The Department of Veterans Affairs published a revised rule Jan. 9 that allows payment of hundreds of thousands pending claims for private-sector emergency care that veterans’ other health insurance covered in part but not in full.
Some pending claims for non-VA emergency care were filed as far as back as 2010 and were kept alive by appeal. In some cases, individual reimbursements owed will total tens of thousands of dollars, for example for emergency heart surgery or other complex procedures not covered well by alternative health plans.
The revised rule says it won’t allow retroactive reimbursements for non-VA emergency care claim decisions that became final before April 8, 2016, the day VA lost a landmark federal court fight with Air Force veteran Richard W. Staab.
Staab faced roughly $48,000 in unpaid private hospital bills after emergency heart surgery in December 2010. At the time VA had told Staab, and any other veteran forced to use outside emergency care, that the department would have covered the cost of such care if he they had had no other health insurance.
But Staab was eligible for Medicare, and because Medicare paid a portion of his emergency care cost, VA under long-standing regulations, had no obligation to cover remaining private sector emergency costs.
Staab’s attorneys argued that VA, when it revised regulations in 2012, ignored the clear intent of a statute passed in 2009 to correct VA’s convoluted interpretation of its payment obligations for outside emergency care.
Staab won a few lower court decisions, which VA appealed. Final victory came in a unanimous decision by a three-judge panel on the U.S. Court of Appeals for Veterans Claims in April 2016. The appellate court said VA had ignored the “plain language” of the 2009 law requiring “VA to reimburse a veteran for that portion of expenses not covered by a health plan contract.”
For more than a year VA pondered another appeal. But VA Secretary David Shulkin last June accepted defeat and said the regulation would be revised to comply with the court’s decision. One reason for the long delay was money. VA had estimated if the Staab decision were allowed to stand, it would have to pay almost $2 billion on pending claims and more than $10 billion for a tidal wave of private sector emergency care claims expected over just the next decade.
The Jan. 9 rule specifically expands eligibility for reimbursement of non-VA emergency treatment to any veteran who receives only partial payment for such care from a health-plan contract. It also establishes a reimbursement methodology for payments. They are to cover “reasonable costs,” to include hospital charges, professional fees and emergency transportation including ambulances.
By law, VA said, it cannot reimburse for co-pays, cost shares or deductibles required by other health insurance that veterans have.

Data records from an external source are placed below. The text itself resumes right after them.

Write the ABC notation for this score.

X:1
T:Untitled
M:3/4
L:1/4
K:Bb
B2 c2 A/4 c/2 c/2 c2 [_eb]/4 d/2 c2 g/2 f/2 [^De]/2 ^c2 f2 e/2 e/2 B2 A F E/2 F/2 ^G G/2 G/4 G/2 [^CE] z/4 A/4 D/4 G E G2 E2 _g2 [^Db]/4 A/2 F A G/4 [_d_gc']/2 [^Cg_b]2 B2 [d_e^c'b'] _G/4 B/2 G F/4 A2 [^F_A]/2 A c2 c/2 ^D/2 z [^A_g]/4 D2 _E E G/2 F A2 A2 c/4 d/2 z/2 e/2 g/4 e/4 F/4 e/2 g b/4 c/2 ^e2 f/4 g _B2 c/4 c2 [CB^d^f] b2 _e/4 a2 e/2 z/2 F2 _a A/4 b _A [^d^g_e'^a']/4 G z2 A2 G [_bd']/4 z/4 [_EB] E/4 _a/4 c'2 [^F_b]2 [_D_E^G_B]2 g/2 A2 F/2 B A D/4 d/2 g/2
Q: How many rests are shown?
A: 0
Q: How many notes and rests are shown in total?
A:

The rule explains that when a judicial decision invalidates a VA regulation or how it interprets a law, it “cannot affect prior final VA decisions,” citing two earlier federal court decisions. Therefore “VA will not retroactively pay benefits for claims [that] were finally denied before April 8, 2016, date of the Staab decision. In other words, VA can only apply the [rule] to claims pending on or after April 8, 2016.”
Since the Staab decision, VA had suspended action on any claim for non-VA emergency care. By Sept. 29 last year, claims “held in abeyance” totaled 822,000.

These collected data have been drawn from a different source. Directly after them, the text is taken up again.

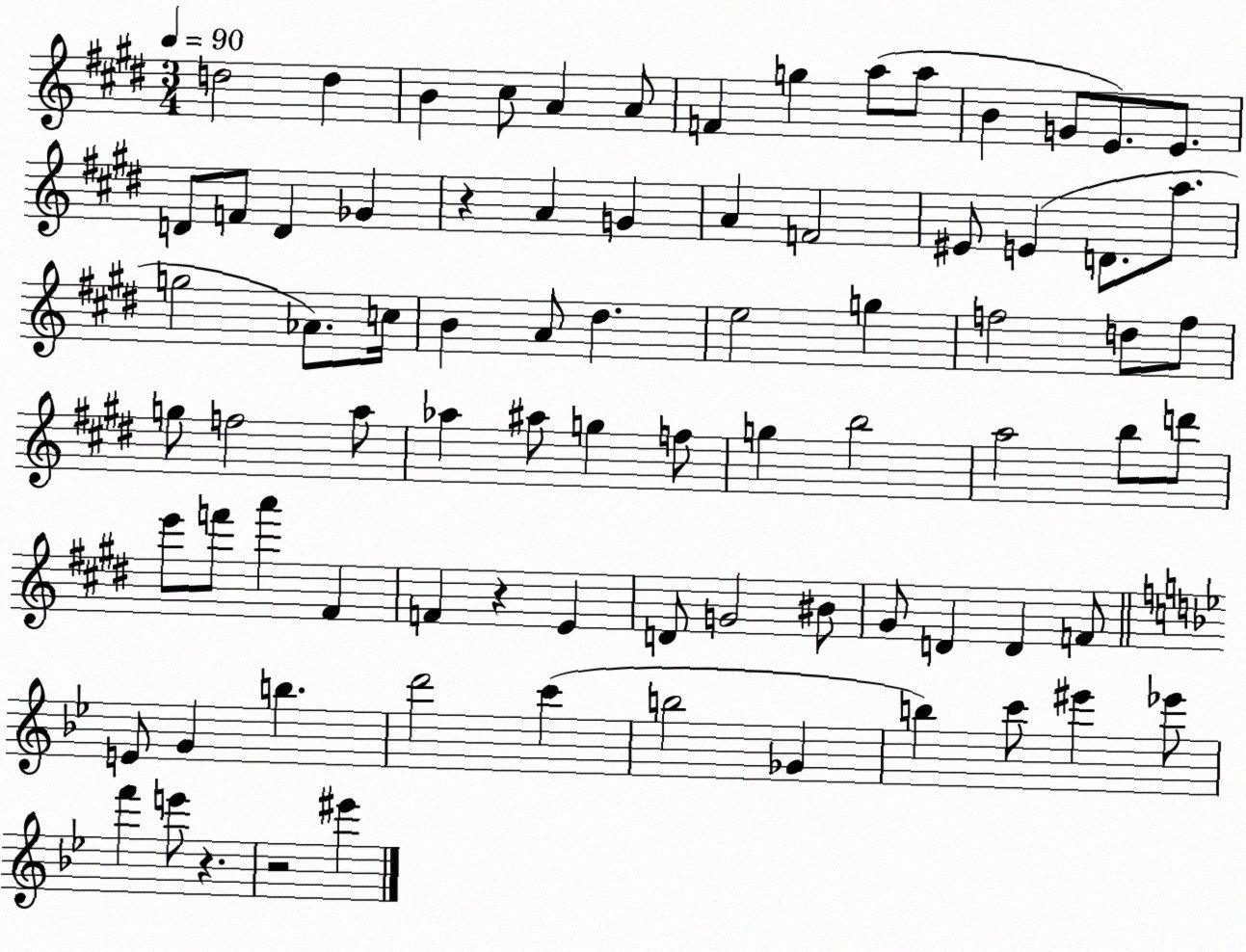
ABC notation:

X:1
T:Untitled
M:3/4
L:1/4
K:E
d2 d B ^c/2 A A/2 F g a/2 a/2 B G/2 E/2 E/2 D/2 F/2 D _G z A G A F2 ^E/2 E D/2 a/2 g2 _A/2 c/4 B A/2 ^d e2 g f2 d/2 f/2 g/2 f2 a/2 _a ^a/2 g f/2 g b2 a2 b/2 d'/2 e'/2 f'/2 a' ^F F z E D/2 G2 ^B/2 ^G/2 D D F/2 E/2 G b d'2 c' b2 _G b c'/2 ^e' _e'/2 f' e'/2 z z2 ^e'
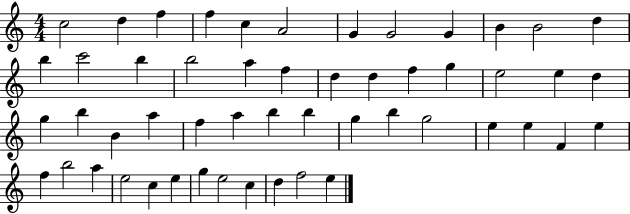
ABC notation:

X:1
T:Untitled
M:4/4
L:1/4
K:C
c2 d f f c A2 G G2 G B B2 d b c'2 b b2 a f d d f g e2 e d g b B a f a b b g b g2 e e F e f b2 a e2 c e g e2 c d f2 e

VA is now processing those claims using its revised rule.
Barton F. Stichman, one of Staab’s attorneys, agreed with VA’s contention in its revised rule that final denials of earlier claims — from Feb. 1, 2010, the effective date of the law that expanded VA payment obligations, to April 8, 2016, the date of Staab appellate decision affirming that intent — can’t be re-filed or reimbursed.

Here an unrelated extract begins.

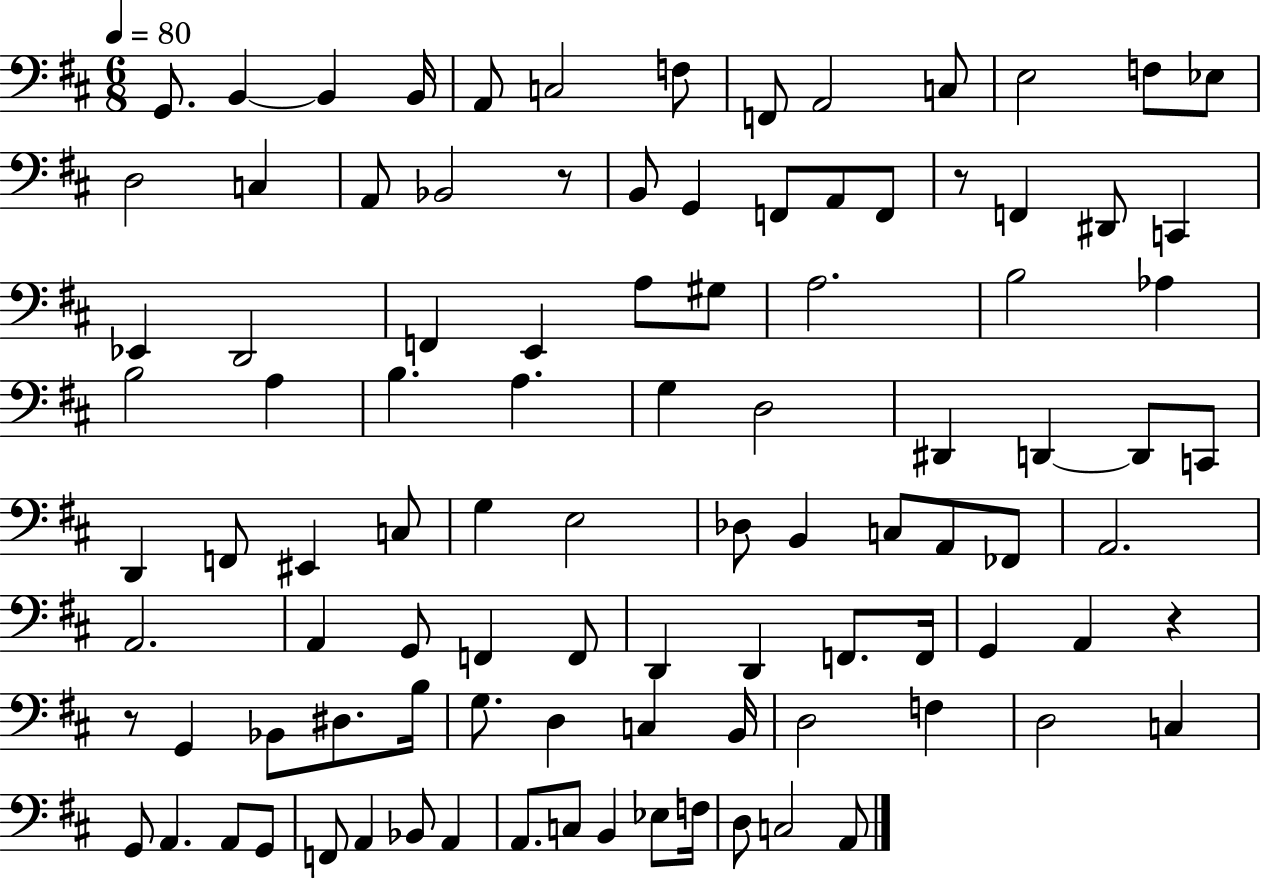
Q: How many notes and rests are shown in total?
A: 99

In an earlier version of this column, Stichman was quoted as disagreeing with VA’s finding in its revised rule that Staab could not be used by veterans whose claims for non-VA emergency care became final before April 8, 2016. Initially, he said final claims could be re-filed based on “clear and unmistakable error.”
But having reviewed the two court cases VA cited in its rule, Stichman said he now understands that he erred. VA is following case law correctly, he said, in finding that Staab does not benefit veterans whose claims for non-VA emergency care became final before the decision date.
Courts have interpreted the “clear and unmistakable error” route for reconsideration of claims as not valid if based “on a new court interpretation of the law,” Stichman said. Therefore, VA doesn’t have to apply Staab retroactively to claims finally denied before that decision.